We plugged our camper in last night for the first time at Long Jetti... this is good to do because the fridge runs on batteries that recharge better when plugged in and the microwave, toaster, etc don't work unless you're plugged in. The campground was nice, it was along an inlet of water. The next day we got a late start and then went to the ranger station / info center at a small, quaint town called Hawks Nest. Once again we asked about swimming and were told that the sharks will eat you! The ranger said he saw a shark the day before-- a white. Then We set out for Myall Natinal Park on the coast. The forest was beautiful, but the roads are different from our park roads. They are very narrow and no lines down the road. A dirt road here is called an "unsealed" road and asphalt is referred to as "tarmac". Lots of the words are different as well as many of the spellings. When you walk into a place, they usually say "how ya goin?" and "cheers" instead of thanks
. Also instead of deer crossing signs at various points in the road, there are signs that have a picture of a koala bear or a wombat or more commonly a kangaroo and they say something like "koala 5km". A lot of the cars and nearly all of the trucks here have a special reinforced front bumber to protect the car from damage when they hit kangaroos in the road. After driving thru the forest a bit, we stopped at Dark Point, Which is a big rock peninsula surrounded by sand dunes sticking out into the bay. This place was a ceramonial place for the aboriginals. It was a feasting place and a burial ground for the last 4000 years. The coast here is lined with golden sand dunds and unique flowers and grasses. What is so amazing about dark point is the pararamic views in all directions without being able to see any signs of development along the coast. Also the tall dunes seem out of place, like a desert in the middle of a normal coastline. The boys sprinted aross the sand to the large vertical walls of a dune and slid down the hillside. After making a few other stops in the national park, we got to a part where we needed to have a one-car ferry take us across a tiny patch of lake so we could get back on the Pacific Hwy and one our way.
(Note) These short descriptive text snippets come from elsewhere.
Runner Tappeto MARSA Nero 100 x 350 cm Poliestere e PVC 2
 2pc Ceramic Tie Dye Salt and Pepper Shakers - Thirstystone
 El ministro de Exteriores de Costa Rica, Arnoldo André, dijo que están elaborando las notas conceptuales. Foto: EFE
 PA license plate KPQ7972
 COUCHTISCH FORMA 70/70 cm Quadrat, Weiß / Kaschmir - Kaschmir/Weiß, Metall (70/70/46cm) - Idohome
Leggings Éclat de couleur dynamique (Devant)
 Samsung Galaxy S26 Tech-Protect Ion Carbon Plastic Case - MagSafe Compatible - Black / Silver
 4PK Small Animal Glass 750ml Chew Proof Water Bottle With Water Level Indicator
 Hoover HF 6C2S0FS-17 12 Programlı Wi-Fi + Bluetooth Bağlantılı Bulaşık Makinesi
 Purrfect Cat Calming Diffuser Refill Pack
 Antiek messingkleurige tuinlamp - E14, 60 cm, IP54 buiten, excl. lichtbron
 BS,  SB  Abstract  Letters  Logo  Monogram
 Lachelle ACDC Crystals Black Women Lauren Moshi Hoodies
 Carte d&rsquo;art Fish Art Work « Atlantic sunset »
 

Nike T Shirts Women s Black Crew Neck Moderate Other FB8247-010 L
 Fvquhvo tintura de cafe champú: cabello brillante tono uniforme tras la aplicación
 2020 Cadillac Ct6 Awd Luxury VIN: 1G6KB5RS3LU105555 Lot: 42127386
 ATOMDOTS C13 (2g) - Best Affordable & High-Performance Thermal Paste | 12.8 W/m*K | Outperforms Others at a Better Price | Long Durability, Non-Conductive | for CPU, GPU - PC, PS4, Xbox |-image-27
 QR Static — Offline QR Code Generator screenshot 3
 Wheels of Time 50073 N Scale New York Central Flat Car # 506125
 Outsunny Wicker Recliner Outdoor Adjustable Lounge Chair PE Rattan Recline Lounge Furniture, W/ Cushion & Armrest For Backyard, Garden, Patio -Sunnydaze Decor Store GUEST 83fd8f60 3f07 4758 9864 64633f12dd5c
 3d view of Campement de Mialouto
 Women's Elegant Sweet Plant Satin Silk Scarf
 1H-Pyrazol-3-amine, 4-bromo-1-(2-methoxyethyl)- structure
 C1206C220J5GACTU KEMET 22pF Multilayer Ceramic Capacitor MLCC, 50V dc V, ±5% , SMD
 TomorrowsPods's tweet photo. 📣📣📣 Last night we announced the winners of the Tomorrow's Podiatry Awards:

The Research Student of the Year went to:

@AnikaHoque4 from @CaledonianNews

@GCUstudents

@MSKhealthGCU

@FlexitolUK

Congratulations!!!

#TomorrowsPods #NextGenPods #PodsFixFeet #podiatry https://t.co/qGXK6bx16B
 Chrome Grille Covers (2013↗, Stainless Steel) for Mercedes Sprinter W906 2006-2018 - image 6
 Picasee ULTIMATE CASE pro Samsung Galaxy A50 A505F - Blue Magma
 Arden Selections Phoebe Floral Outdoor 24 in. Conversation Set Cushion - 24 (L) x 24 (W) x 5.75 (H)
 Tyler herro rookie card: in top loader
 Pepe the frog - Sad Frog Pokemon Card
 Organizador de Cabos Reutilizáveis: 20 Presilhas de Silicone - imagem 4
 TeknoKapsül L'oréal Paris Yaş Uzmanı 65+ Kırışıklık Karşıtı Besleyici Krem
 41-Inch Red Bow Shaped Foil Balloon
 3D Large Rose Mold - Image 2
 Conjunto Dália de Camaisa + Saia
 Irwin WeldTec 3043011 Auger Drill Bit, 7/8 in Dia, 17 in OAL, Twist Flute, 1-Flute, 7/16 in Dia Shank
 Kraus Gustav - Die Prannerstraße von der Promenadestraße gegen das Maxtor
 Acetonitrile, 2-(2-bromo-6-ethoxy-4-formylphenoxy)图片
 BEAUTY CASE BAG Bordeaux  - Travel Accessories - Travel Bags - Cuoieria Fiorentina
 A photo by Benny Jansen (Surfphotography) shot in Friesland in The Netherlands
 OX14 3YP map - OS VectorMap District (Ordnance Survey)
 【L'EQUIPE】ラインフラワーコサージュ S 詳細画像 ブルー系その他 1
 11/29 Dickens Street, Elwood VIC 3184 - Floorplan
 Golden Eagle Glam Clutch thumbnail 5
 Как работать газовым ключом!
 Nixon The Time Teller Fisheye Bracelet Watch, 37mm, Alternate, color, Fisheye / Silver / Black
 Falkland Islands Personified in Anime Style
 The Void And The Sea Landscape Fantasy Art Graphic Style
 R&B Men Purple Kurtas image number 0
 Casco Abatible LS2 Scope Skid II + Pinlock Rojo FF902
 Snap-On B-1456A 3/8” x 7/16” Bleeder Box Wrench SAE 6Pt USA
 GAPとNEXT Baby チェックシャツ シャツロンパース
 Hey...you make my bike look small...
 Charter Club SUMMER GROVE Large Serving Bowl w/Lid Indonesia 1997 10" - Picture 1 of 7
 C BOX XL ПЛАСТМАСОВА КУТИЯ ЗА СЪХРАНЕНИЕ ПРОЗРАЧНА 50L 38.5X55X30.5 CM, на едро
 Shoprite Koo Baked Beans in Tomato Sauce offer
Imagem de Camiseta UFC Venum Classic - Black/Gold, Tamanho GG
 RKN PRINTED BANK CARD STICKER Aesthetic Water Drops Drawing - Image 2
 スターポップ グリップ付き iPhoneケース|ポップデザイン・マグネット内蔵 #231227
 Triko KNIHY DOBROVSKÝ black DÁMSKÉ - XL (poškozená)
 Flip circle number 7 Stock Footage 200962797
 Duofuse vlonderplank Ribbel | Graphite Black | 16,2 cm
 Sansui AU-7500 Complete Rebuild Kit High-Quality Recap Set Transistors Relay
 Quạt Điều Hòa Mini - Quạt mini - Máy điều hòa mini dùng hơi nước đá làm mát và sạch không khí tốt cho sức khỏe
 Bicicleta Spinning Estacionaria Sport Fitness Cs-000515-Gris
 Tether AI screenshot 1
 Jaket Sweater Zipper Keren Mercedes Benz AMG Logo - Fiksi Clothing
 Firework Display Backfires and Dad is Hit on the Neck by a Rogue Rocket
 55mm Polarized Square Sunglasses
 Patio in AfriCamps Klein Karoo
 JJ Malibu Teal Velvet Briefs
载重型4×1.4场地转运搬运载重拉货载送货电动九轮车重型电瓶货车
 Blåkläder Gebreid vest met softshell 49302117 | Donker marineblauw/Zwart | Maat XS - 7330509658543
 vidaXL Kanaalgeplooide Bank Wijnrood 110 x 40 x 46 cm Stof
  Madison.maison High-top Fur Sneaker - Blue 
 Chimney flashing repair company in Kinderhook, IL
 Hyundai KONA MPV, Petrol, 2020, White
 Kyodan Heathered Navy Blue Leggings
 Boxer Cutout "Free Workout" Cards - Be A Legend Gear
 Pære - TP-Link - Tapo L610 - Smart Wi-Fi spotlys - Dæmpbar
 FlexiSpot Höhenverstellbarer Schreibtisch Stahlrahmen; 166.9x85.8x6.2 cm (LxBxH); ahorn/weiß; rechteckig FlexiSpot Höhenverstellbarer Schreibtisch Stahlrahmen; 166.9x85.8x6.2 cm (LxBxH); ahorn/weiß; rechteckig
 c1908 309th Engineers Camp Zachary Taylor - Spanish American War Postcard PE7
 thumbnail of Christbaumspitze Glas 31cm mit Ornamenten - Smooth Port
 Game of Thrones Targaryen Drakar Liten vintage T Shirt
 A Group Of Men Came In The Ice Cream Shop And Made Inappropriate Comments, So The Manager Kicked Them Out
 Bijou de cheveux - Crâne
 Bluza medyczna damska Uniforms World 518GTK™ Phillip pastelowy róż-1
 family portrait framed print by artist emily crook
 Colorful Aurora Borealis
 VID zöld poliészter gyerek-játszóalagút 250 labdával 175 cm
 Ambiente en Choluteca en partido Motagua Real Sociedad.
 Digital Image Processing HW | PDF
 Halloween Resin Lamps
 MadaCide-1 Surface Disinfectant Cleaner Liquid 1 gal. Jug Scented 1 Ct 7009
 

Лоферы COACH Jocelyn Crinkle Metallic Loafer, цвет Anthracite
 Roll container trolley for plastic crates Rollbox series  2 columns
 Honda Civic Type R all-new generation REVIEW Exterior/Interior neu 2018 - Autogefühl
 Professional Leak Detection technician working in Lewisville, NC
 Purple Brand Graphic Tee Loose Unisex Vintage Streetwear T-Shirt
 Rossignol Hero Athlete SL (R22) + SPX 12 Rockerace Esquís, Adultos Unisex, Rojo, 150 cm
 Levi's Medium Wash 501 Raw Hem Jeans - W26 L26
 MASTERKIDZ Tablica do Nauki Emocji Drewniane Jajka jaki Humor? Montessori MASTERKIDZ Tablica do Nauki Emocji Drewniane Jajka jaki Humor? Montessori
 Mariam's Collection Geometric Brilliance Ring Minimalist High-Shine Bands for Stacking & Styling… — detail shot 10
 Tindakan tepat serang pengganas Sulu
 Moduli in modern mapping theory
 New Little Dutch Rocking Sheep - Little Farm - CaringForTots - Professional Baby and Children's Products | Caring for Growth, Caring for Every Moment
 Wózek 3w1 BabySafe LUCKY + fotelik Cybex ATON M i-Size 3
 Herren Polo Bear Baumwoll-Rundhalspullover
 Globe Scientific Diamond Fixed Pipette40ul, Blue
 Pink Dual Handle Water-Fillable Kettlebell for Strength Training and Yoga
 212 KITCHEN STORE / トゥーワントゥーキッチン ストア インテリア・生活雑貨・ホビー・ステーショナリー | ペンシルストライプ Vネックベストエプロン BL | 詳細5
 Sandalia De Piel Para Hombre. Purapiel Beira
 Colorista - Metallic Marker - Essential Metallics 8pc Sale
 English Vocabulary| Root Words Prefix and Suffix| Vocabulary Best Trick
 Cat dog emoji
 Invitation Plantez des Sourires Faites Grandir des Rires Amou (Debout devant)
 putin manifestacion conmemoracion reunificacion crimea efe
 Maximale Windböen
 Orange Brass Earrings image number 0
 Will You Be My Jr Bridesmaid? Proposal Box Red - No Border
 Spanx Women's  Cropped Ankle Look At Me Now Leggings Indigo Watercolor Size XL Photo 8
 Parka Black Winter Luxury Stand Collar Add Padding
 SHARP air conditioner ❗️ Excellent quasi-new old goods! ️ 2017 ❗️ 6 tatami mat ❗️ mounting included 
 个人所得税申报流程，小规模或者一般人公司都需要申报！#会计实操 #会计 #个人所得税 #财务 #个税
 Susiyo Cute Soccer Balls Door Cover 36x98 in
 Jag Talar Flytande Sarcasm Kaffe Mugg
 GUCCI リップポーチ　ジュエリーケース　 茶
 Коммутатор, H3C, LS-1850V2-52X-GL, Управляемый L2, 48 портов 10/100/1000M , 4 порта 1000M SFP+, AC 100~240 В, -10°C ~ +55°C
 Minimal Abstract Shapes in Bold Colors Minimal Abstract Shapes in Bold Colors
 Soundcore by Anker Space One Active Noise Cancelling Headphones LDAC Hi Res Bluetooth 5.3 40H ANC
The "ferry" apparently only runs every half hour. We pulled up to it, expecting to drive right on, and instead the captain walks up to our car and says "boat leaves every half hour, and we've just came back from a trip (gesturing to the far shore which is literally a stone's throw away), so we'll see you in about a half our"
. Then he wanders off down a trail into the bush! What does he do for a half hour? Where does he go? Who is the 'we' that he refers to, does he believe that he has an invisible crew of little deck hands following him around? Either way, the liesurely pace is certainly different from our fast paced cultue. Another guy had summed it up well when he said to us, "no hurry folks, were in Australia!" As we continued to drive through the national park we saw our first wild kangroos. We took a piture, but could only see their glowing neon eyes because the camera doesn't work well in dim light. Apparently kangroos are highly efficient because they hop and this uses only a third of the energy a similar sized mammal would use. We have been forwarned not to drive at night because kangroos often jump out in the middle of the road at night and can total your car. A bit scary, the next day we saw a dead kanaroo in the middle of the highway and they are bigger than you would think.